Positive margins don’t automatically mean you have cancer or that your treatment failed. Current guidelines from the American Society for Colposcopy and Cervical Pathology (ASCCP) offer several management options: a repeat LEEP to remove more tissue, hysterectomy, or follow-up in six months with HPV testing or colposcopy with endocervical curettage. The right path depends on whether the margin involvement is CIN 2, CIN 3, or something more serious, and on your age, fertility goals, and overall clinical picture.
What Happens If Cancer Is Found
If your LEEP pathology comes back showing invasive cancer, the findings will be used to help determine the stage. Very early-stage cancers (particularly stage IA1, where the invasion is less than 3 millimeters deep) may have been fully treated by the LEEP itself, and in some cases no further surgery is needed beyond close follow-up.
For cancers that have invaded more deeply, additional treatment is required. This typically involves imaging to assess how far the cancer has spread, followed by surgery (often a radical hysterectomy) or radiation-based treatment.
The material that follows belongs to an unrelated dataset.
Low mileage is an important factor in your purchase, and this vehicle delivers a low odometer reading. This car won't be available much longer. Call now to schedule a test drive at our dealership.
You’ll be referred to a gynecologic oncologist, a surgeon who specializes in cancers of the reproductive system, to guide the next steps. The key point is that cancers caught at this stage, through a LEEP, tend to be early-stage and highly treatable. Detection at this point is far better than detection later.
LEEP vs. Cold Knife Cone Biopsy
LEEP is sometimes compared to a cold knife cone biopsy (CKC), which removes a similar cone of tissue using a scalpel rather than an electrical loop. For years, cold knife conization was considered the better option for glandular lesions like AIS, largely because earlier studies showed LEEP had a higher rate of positive margins. More recent research and systematic reviews have found the two procedures are equally effective at achieving clear margins, detecting invasive cancer, and preventing recurrence. Current ASCCP guidelines don’t recommend one over the other for most situations.
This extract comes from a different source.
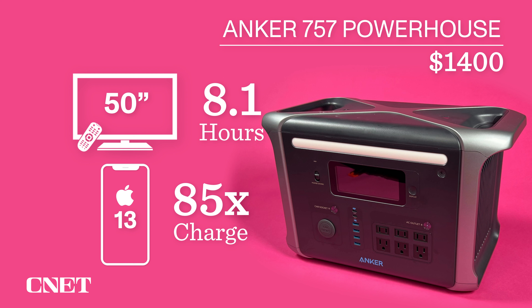The $1,000 EcoFlow Delta Mini is our camping pick. It's relatively easy to lug around given its capacity, and it hits a good sweet spot in terms of balancing capability, features, and price. It'll run your TV for 5.8 hours and can charge your phone 61 times. It still has plenty of power to do other power station things, like run a mini-fridge, a fan, a light, or all of them.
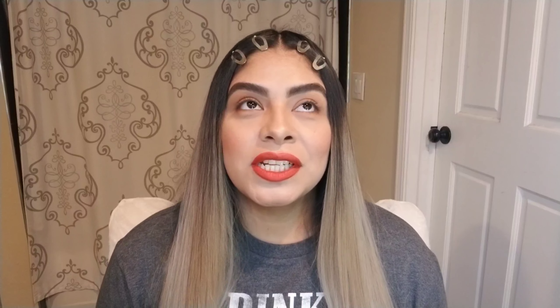Hey my loves! Welcome back to my channel, and if you are new here, welcome. My name is Samantha. Today we are going to be doing a video that I've been wanting to do since my last video — comparing the Go Big or Go Home Kat Von D Mascara with one of my favorite mascaras, the Better Than Sex Mascara. So let's get started.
Your doctor may still prefer a cold knife cone in specific scenarios, such as when a larger or deeper tissue sample is needed, or when the electrical current from LEEP could damage the edges of the specimen and make it harder for the pathologist to evaluate margins accurately. But for the vast majority of women, LEEP provides the same diagnostic information with a shorter procedure time and faster recovery.